Version of this article previously published in the Water New Zealand Journal (Sep/Oct 2019 issue).

The digital revolution has promised to make our jobs easier through shiny new technologies, or even to automate our work with artificial intelligence. 

In the water sector, asset management tools are becoming increasingly sophisticated; smart meters offer more usage data than we have had before, while Building Information Management (BIM) has the potential to transform the way we build and operate assets.

And yet, in reality, our jobs are getting busier and busier as we have to manage more and more systems and meet increasingly complex compliance and reporting requirements. We need to take a smarter approach if we are going to realise the full benefits of digital technologies.

Drowning in the digital deluge

Despite the progress that has been made in digital technologies over the last decades, many common problems continue to persist: 

Too much data; not enough information

Although we now have more data than ever before, this does not always mean that we have the information we need to make informed decisions. In our rush to record data, we can lose track of its purpose and how we need to aggregate and analyse the data to make it meaningful. Data we have might be inaccurate, eroding the trust we have in it. 

Systems are complex for users

Our teams bear the burden of using the digital technologies we adopt, which require training and ongoing support. When these systems are cumbersome to use, this burden is increased.

Propagation of technologies

Research has shown that people use an average of 56 different apps and websites each day. 

To address these issues and make digital technologies work for us, we should consider the following approaches while implementing digital solutions:

1. Have a clear purpose

Every digital solution must offer a clear business value, whether it is improved efficiency and effectiveness or managing risk and compliance. 

Some will promise that digital technology can do anything (for a price!), but it certainly cannot do everything. Information Technology (IT) projects commonly fail when an unclear scope is allowed to grow to an unmanageable size.  So while it may be tempting to use an upgrade to your financial systems to improve your asset management solution, it may be better to plan this as a separate initiative.
Clarity about the value being delivered will help to define the scope of a digital initiative. Tools like Investment Logic Maps can help to define problems, benefits, responses and solutions. 

2. Put people at the centre

A digital solution is a combination of technology, processes and people. Once we know what value a digital initiative will deliver, we can identify the people who will be involved. Some of these people will be direct users of the system, while others may benefit indirectly, for example, through receiving new reports. 

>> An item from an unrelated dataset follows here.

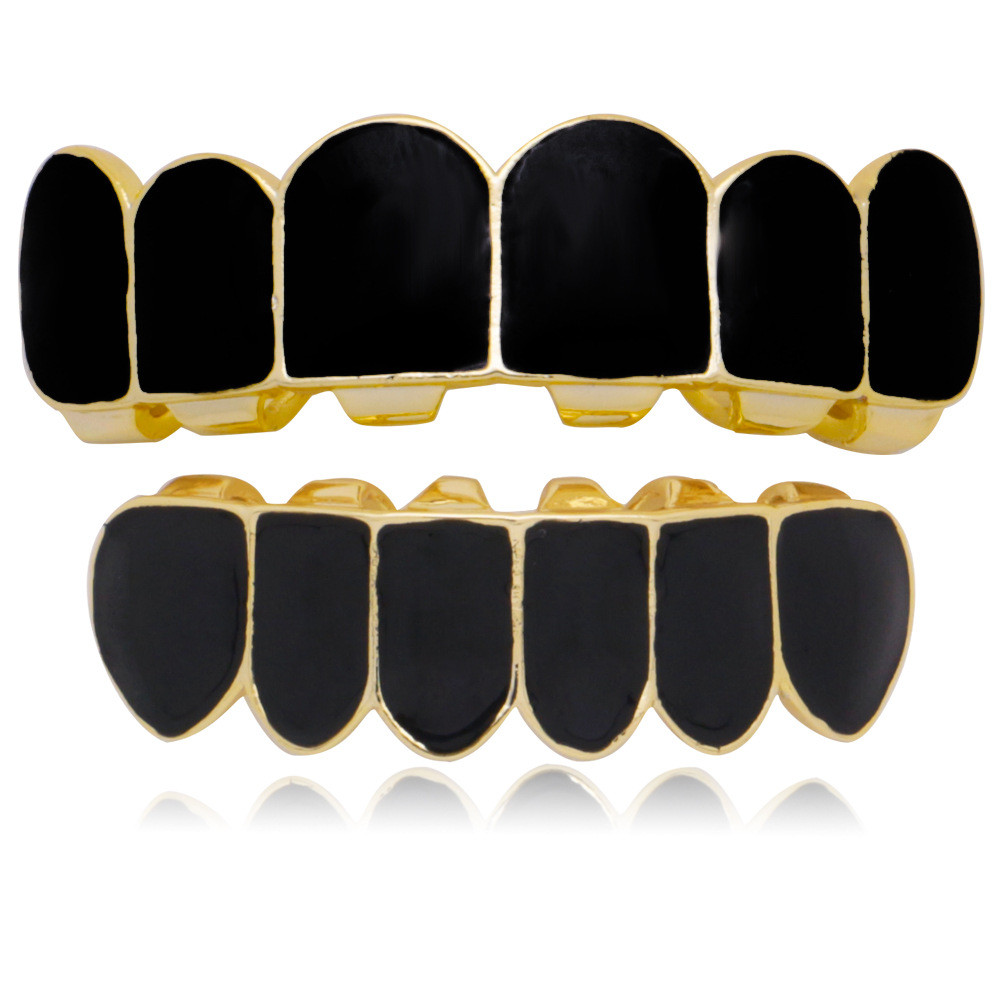 Punk-Black-Matte-Braces-Hiphop-Grillz-Gold-Plated-Dentures-Set-Teeth-Jewelry-1548592-2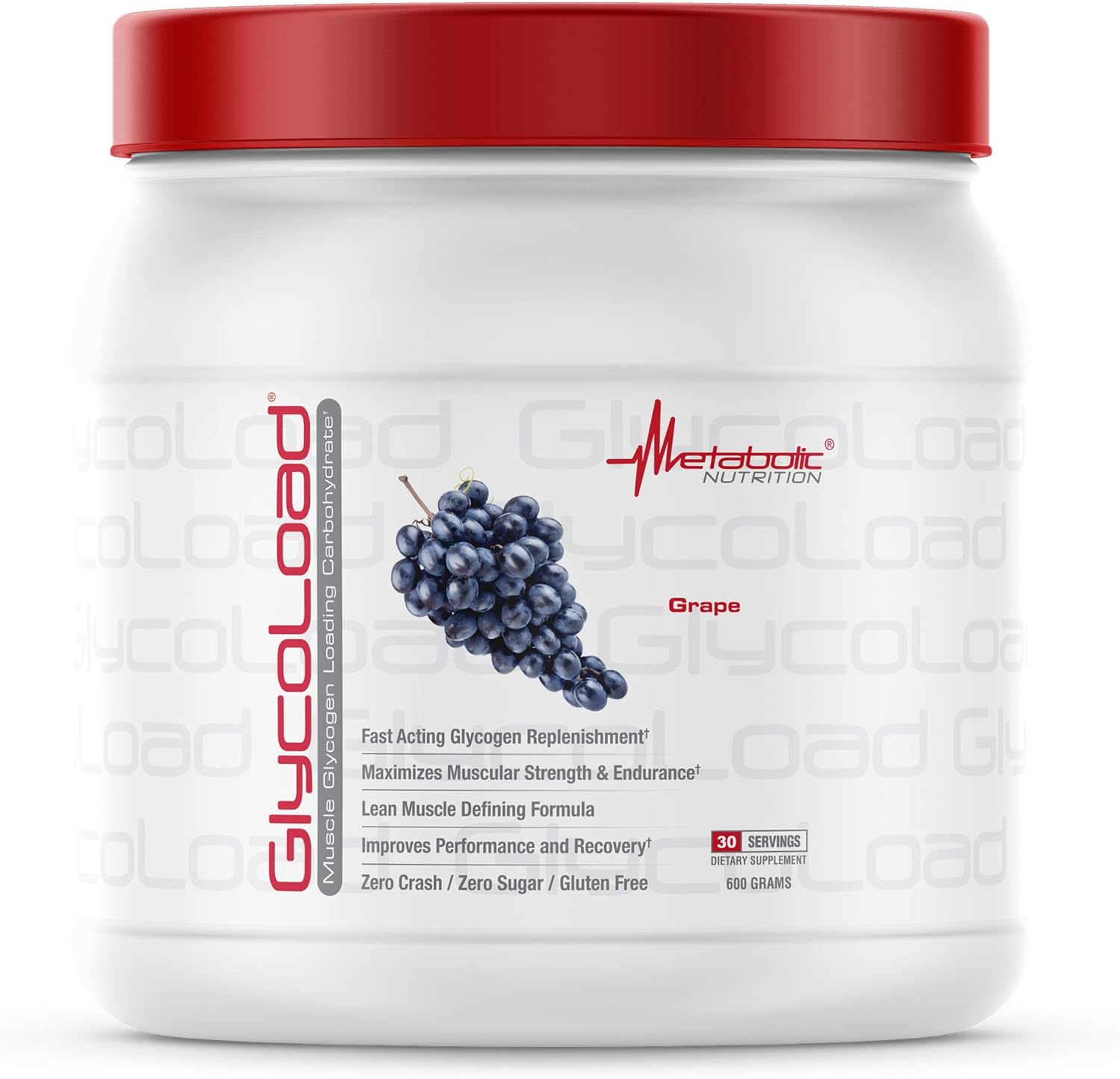 Metabolic Nutrition Glycoload Grape Carbohydrate Powder for Muscle Glycogen Loading - Pre, Intra, Post Workout Supplement - 600gm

Additional stakeholders may be responsible for funding the solution or continuing to maintain it. All of these people need to be engaged in a successful digital initiative, from initial consultation, defining requirements, design, training and support. Digital solutions should allow our teams to do things more easily, but only if we bring them along on the journey.

3. Make incremental progress

Most organisations already have several major business digital systems in place, e.g. financial management, customers relationship management (CRM), asset management, human resources and document management. Future benefits can be gained through smaller incremental initiatives. 

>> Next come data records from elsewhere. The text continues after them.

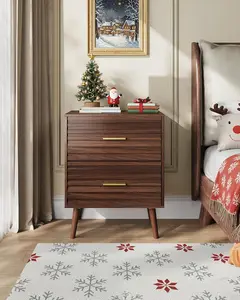 WLIVE Wood Night Stand with 2 Drawers, Mid Century Modern Nightstand, Fluted Bed Side Tablefor Bedroom, Dorm, Living Room End Table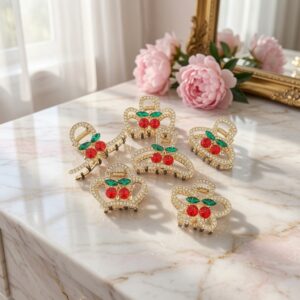 12 Pinzas Cereza con Pedrería Diseños $13 c/u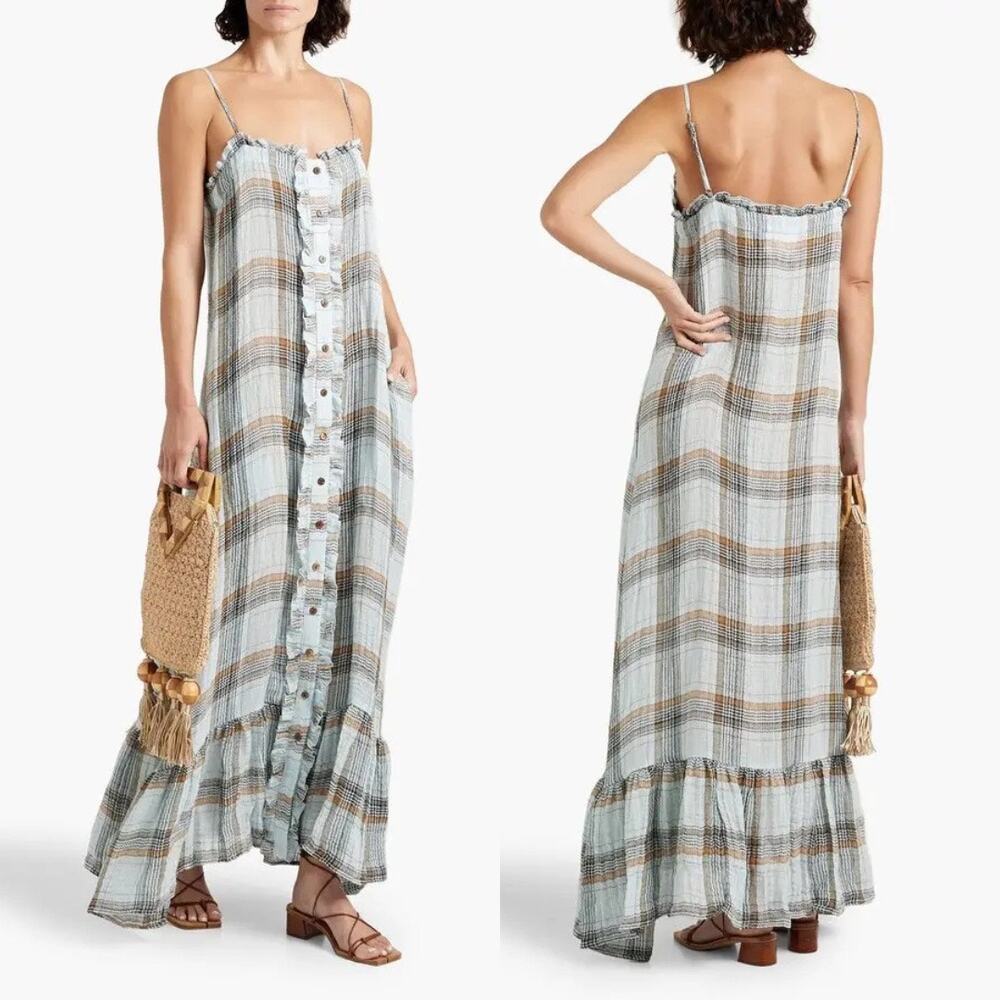 Lisa Marie Fernandez | NWT Ruffle Check Linen Gauze Maxi Dress in Light Blue 2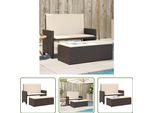 The Living Store Panca Da Giardino Con Cuscini E Sgabello In Poly Rattan Marrone
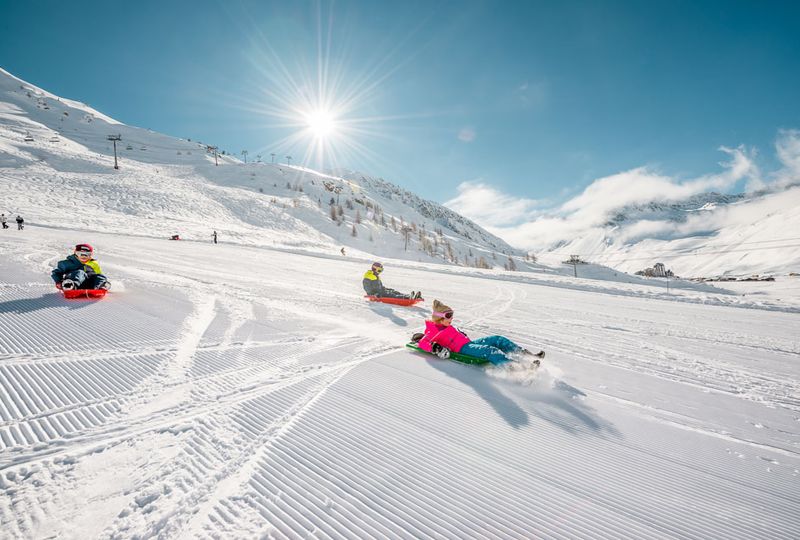sledders slide down a piste, the sun shining above them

Low-code application development platforms like Microsoft PowerApps and QuickBase and other cloud services are making it easier to build, test and implement new solutions. Data visualisation and analysis tools like Power BI and Tableau allow us to generate new insights and reports from existing data and systems. 

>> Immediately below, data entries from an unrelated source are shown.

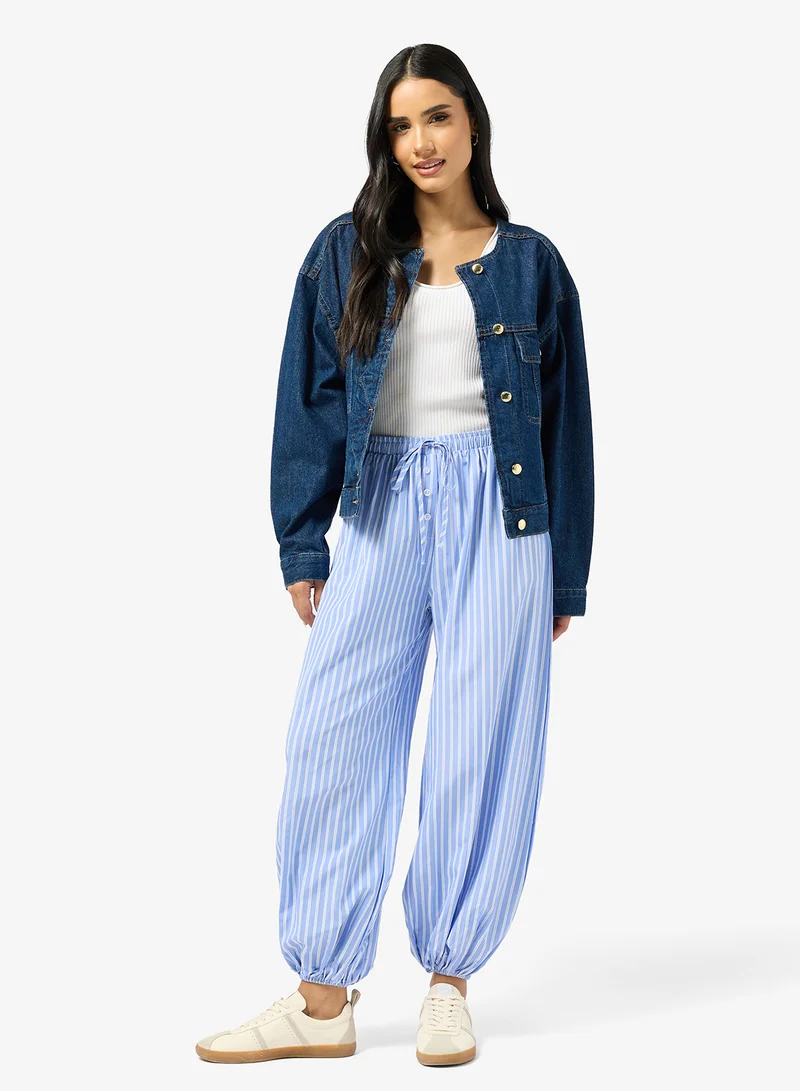 جينجر Stripe Wide Leg Balloon Pants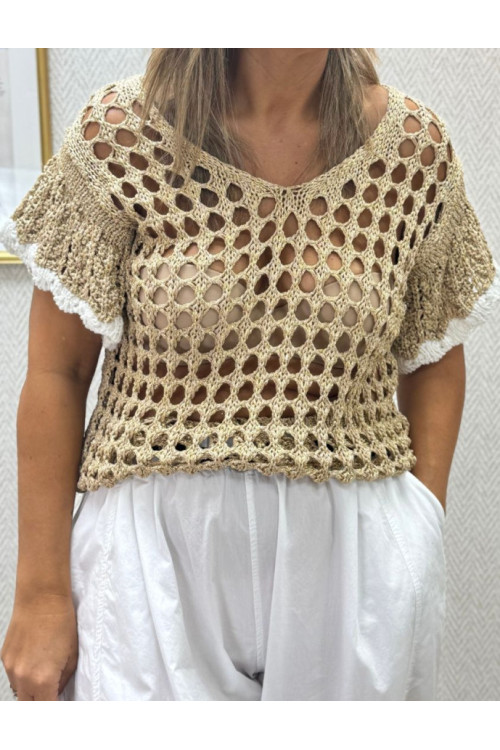 jersey lurex red filo blanco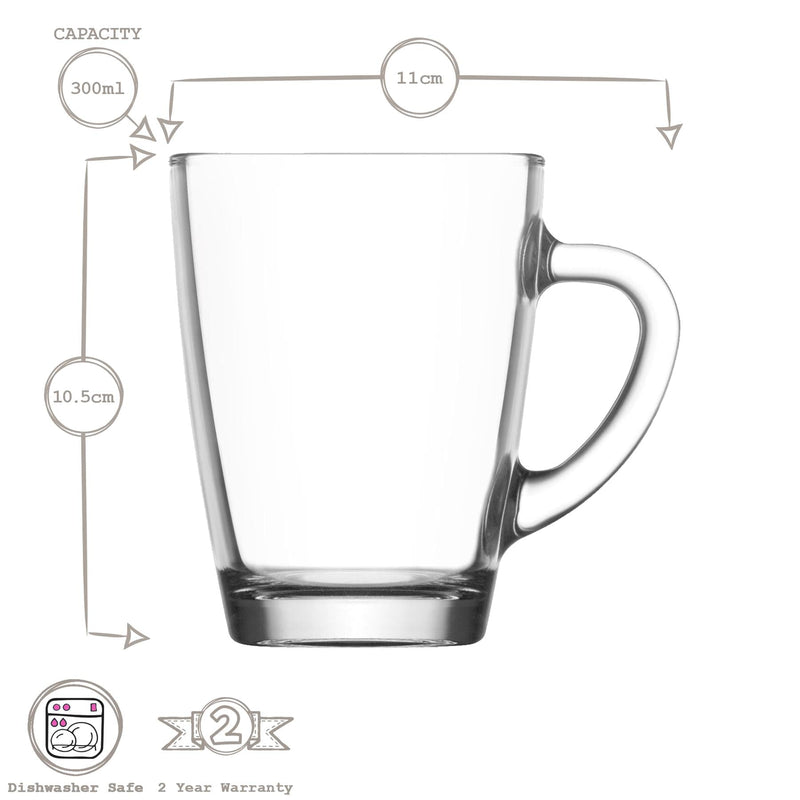 300ml Vega Glass Coffee Mugs - Pack of 12  - By LAV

Automation tools like Microsoft Flow, Zapier and FME can integrate these systems and automate tasks. Initiatives to support users, improve data quality and streamline business processes can add as much value as new technologies.

If this progress is made with a holistic, systematic view, initiatives can incrementally build on one another. Leveraging existing technologies, applying lessons about what works and not re-inventing the wheel can lead to significant improvements over time.

Your ongoing digital evolution

Despite what technology vendors may have told you, there is no single solution to all of your problems. But there are ways we can work smarter, through having a clear purpose, keeping our people in mind and looking for incremental value.  

By bringing together water experts who understand how water service organisations operate, with digital experts who know what is technologically possible, there are many more benefits we can realise.